©2018 by A French Address.

Hardwood Floors in the Bathroom?

June 15, 2015


I’ve been writing a lot recently on the different choices of hardwood flooring available for different spaces, and it turns out I actually have quite a lot to say on the topic. So please let me continue with this theme for one more post, and I promise this will be the last wood themed article for a while!


When researching design ideas for the bathroom, all the images I preferred seemed to have one thing in common, and that was a traditional hardwood floor. While typically bathrooms are a crisp, clean and modern space, the wooden floors added a fantastic rustic vibe which I find can be lacking in some designs. What’s more, there is something about the combination of wood and the colour blue which I have a weakness for, and the blue patterned tiles I had purchased for the bathroom just so happened to be the perfect shade to match with a hardwood floor!


But the question was, is a hardwood floor in the bathroom really practical? A beautiful shot taken for a magazine is one thing, but when it comes to functionality and long term use, it can be a completely different story. I was suspicious, so began doing a bit of investigative work before making any decisions.


Now when it came to installing hardwood floors in the kitchen, depending on who I asked, I seemed to receive a bit of a mixed response, with some saying it was a good idea and others saying it was a no-no.
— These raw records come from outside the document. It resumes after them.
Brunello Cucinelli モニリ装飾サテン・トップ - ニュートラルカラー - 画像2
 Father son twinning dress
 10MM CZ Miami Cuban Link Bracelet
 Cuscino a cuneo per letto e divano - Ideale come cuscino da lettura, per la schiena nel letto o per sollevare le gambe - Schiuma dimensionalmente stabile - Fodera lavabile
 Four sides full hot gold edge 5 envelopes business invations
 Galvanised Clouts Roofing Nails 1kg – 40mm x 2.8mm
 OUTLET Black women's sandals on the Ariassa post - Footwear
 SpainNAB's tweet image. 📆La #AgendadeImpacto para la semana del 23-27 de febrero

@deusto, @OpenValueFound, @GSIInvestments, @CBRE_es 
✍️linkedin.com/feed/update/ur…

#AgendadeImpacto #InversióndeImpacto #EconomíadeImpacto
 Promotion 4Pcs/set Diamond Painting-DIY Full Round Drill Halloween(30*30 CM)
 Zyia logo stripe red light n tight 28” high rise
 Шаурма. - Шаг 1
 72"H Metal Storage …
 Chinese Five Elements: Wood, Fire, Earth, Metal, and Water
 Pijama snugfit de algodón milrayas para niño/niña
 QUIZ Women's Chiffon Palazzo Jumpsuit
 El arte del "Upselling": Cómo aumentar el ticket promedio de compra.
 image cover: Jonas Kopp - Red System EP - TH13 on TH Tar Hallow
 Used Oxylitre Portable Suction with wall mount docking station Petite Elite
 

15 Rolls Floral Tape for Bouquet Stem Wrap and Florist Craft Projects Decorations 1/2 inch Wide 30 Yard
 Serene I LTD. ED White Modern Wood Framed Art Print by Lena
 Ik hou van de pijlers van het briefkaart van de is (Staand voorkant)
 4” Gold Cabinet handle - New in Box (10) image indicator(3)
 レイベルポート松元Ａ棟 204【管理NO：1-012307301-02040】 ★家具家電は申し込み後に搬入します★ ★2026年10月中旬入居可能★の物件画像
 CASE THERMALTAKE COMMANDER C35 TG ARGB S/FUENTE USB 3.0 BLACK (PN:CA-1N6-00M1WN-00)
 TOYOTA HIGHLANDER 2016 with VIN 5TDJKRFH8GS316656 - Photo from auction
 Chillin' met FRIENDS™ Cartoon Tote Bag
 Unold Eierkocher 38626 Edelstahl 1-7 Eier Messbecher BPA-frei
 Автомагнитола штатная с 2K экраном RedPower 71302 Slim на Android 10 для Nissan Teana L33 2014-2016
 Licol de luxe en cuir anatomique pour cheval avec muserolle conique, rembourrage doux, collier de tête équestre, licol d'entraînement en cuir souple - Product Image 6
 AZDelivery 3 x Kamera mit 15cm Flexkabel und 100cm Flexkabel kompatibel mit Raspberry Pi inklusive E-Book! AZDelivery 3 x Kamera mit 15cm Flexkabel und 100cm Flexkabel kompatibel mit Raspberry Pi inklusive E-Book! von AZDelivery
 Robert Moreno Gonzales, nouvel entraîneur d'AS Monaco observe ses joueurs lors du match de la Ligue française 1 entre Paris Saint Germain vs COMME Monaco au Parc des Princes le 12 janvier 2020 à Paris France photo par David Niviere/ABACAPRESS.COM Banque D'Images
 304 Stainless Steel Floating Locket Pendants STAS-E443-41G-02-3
Overall however, the general consensus was that hardwood flooring in the kitchen can work, as long as you are careful with the type you select (further outlined here).


When it came to installing them in the bathroom however, every single expert I approached all said this was a bad idea, regardless of whether the wood was engineered or not. To keep things simple, wood and water do not mix well. Continued moisture can kill the wood, resulting in cracks, expansion and even the growth of mould. No matter how careful you are in the shower, water will always find a way to spill over onto the floor, and that’s my personal experience as someone who is sensitive about water splashing over to the other side. Plus, no one wants to be the girl who lectures her guests on mopping up spillages each time they take a shower…


I was advised that the only exception for wood in the bathroom came in the form of exotic wood. Bamboo for example can be perfect for humid spaces, since it is water and mould resistant. While an environmentally friendly product, my problem with bamboo was unfortunately its look. Being a darker, richer wood made up of shorter planks, it didn’t give off that same rustic, character vibe I was after. Plus the colour didn’t match with the new tiles…


The solution came one happy day while kitchen tile shopping, when we discovered the existence of imitation hardwood tiles. From a distance, and even up close, it was hard to believe that these tiles were not actually fabricated from wood. The texture is of course different, and once installed would feel colder underfoot than hardwood, but the overall appearance is remarkably similar.